The city of Youngstown is going to get some help with its demolition program and soon other local communities may be getting help with their own projects.
On Tuesday morning, Youngstown Mayor John McNally signed a new “memorandum of understanding” with Col. James Dignan, commander of the Youngstown Air Reserve Station, to allow reservists with the base in Vienna to help with public works efforts.
Their first mission will be to tear down a dozen blighted homes near Taft Elementary on the city’s south side.
“About 85 to 90 percent of those students walk to school on a daily basis. This will help clean up their neighborhoods a little bit,” McNally said.
“Not only do we get the training benefit of getting out there but it also puts my airmen out in their homes in their areas. They are from Youngstown. They are from Warren. They are from Cleveland. Get them out there working, getting folks to see that this is an asset to have an air reserve station out here,” Dignan said.
The demolition work should begin later this week and take about a month to complete. But Youngtown officials said other local projects are in the works for the months to come and that similar agreements could be put together in other local communities.
“We think it is a unique collaboration. It is, as far as we know, the first in the country where a municipality is working with a local armed forces base or station on some quality of life issues,” McNally said.
While the airmen will use city machinery and equipment, the work will be done without labor costs to local taxpayers. Both sides said the hardest part was proving to the federal government that the city had the authority to tear down the homes and no local civilians would be losing their jobs in the process.

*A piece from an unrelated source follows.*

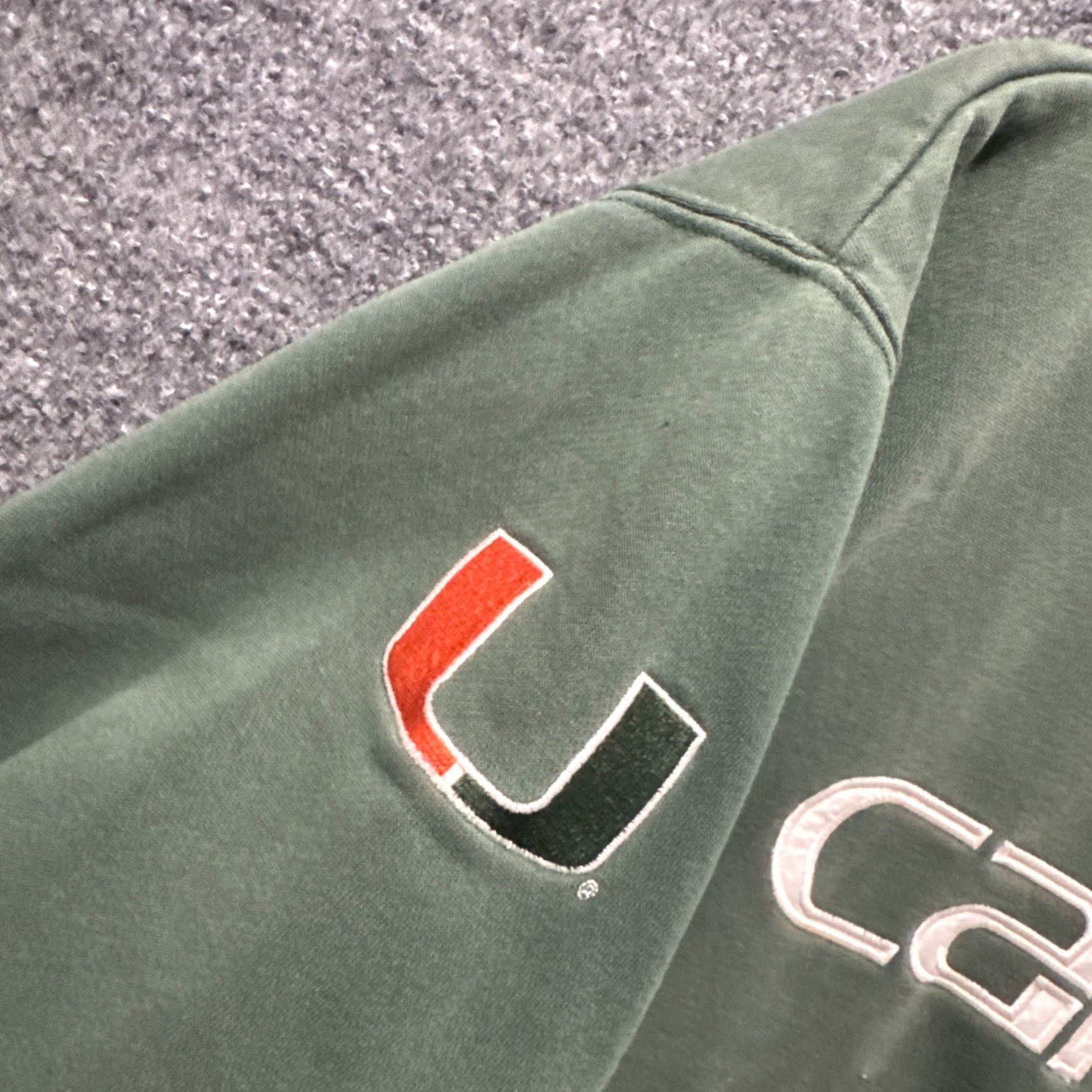 Nike VINTAGE Miami Hurricanes Nike Center Swoosh Faded Green Hoodie Men's Size L Green Pullover Mens L Size US L / EU 52-54 / 3 - 5 Thumbnail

“It took a little bit of time to get the lawyers on both sides of the fence to understand what we were trying to do and why it was so important,” McNally said.
For those pushing to keep the Youngstown Air Reserve Station operational, the new agreement could help keep the station off the radar whenever Congress calls together future Base Realignment Commissions.
“It is going to come. It is just a question of when. And we need to be prepared. That base is so important to this area. And we have to keep fighting for it,” State Rep. Sean O’Brien, D-Hubbard, said.